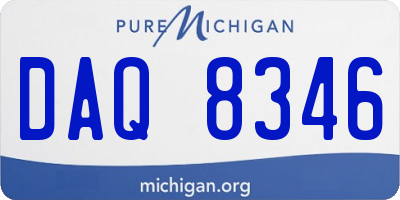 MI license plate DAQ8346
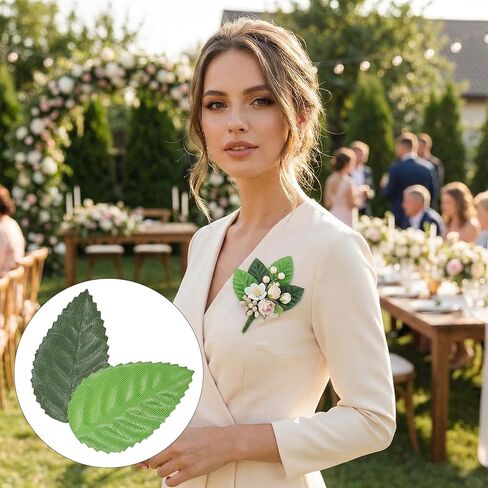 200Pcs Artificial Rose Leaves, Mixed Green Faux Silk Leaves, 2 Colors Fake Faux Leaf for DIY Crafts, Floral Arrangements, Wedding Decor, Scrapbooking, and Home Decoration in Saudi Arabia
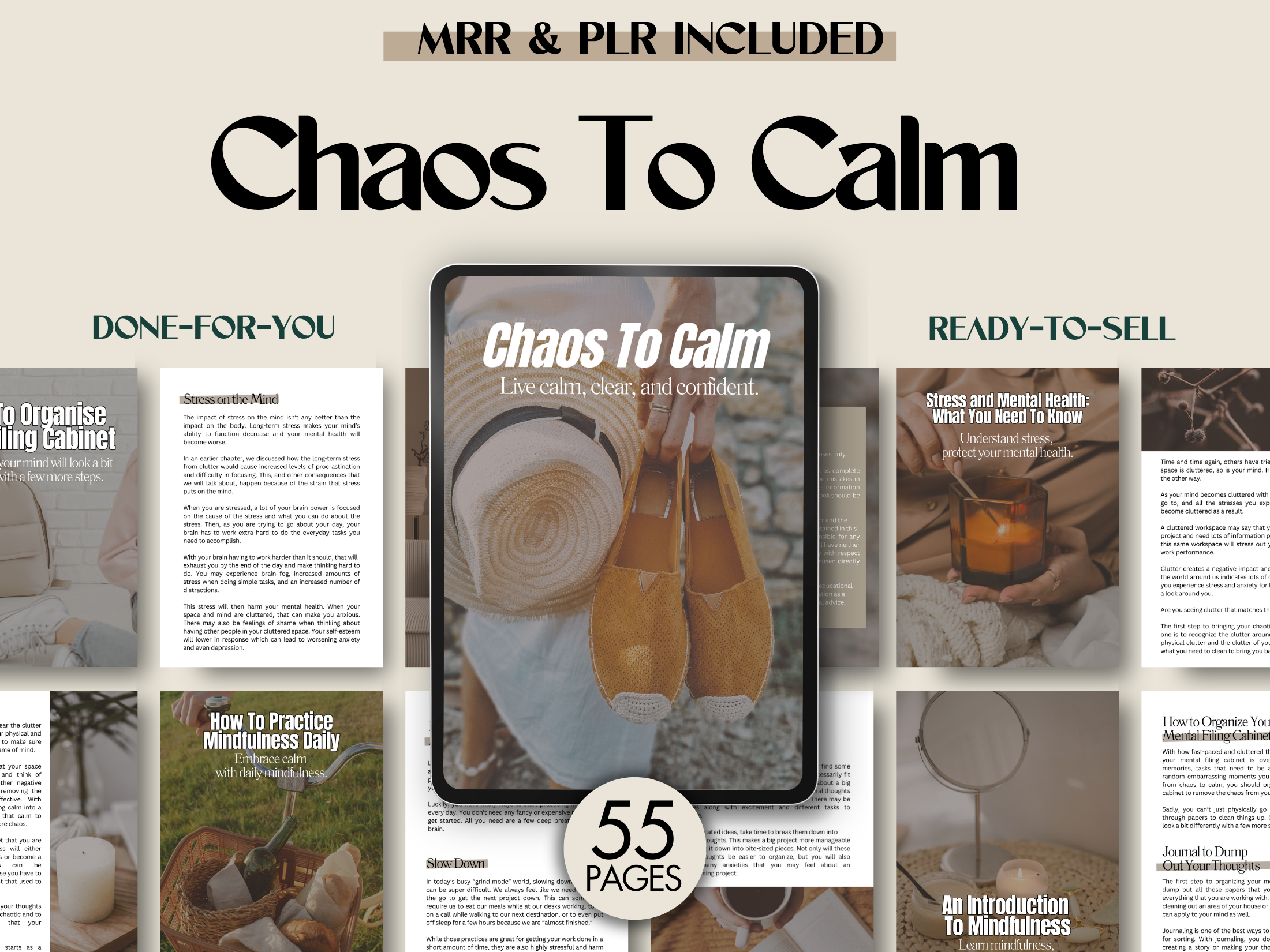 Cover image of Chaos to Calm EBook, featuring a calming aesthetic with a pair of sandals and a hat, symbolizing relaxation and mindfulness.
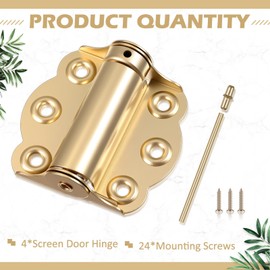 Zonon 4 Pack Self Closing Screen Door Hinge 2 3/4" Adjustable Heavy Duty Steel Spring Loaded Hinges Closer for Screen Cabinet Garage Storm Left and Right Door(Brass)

* * *

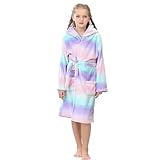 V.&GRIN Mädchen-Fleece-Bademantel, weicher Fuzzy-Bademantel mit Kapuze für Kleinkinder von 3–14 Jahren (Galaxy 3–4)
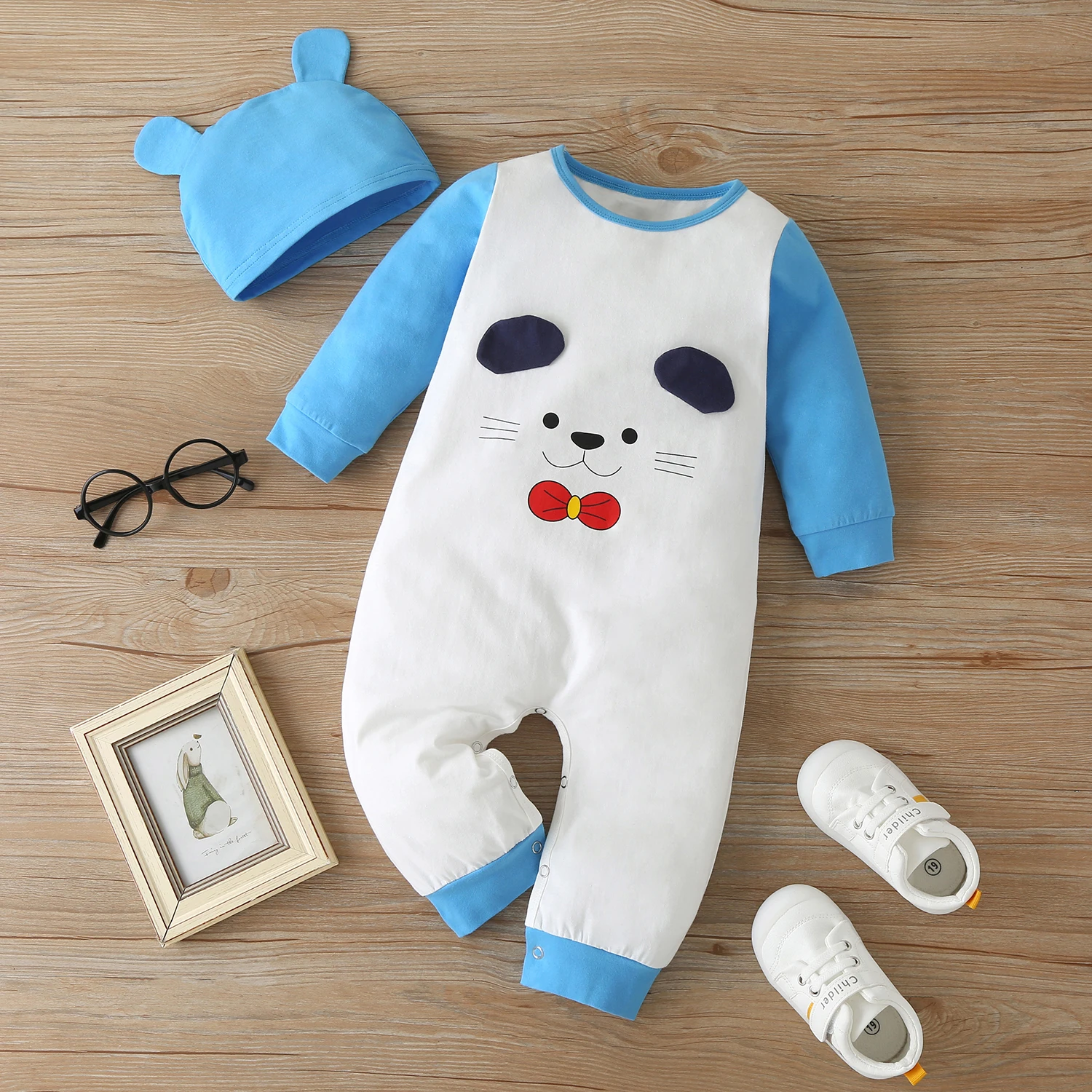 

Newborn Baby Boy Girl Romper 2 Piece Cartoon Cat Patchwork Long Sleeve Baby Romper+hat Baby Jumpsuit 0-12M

==

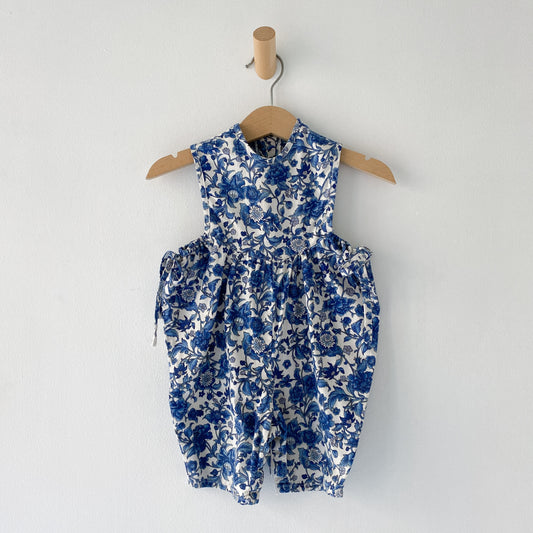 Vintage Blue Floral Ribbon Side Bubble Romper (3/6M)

- _YOUR ASSIGNMENT_:
The answer must be the part of the records that opens with the line containing "MI license plate DAQ8346" and closes with the line containing "Cover image of", reproduced exactly, with no pictures.

- _RESULT OF THIS TASK_:
 MI license plate DAQ8346
 200Pcs Artificial Rose Leaves, Mixed Green Faux Silk Leaves, 2 Colors Fake Faux Leaf for DIY Crafts, Floral Arrangements, Wedding Decor, Scrapbooking, and Home Decoration in Saudi Arabia
 Cover image of Chaos to Calm EBook, featuring a calming aesthetic with a pair of sandals and a hat, symbolizing relaxation and mindfulness.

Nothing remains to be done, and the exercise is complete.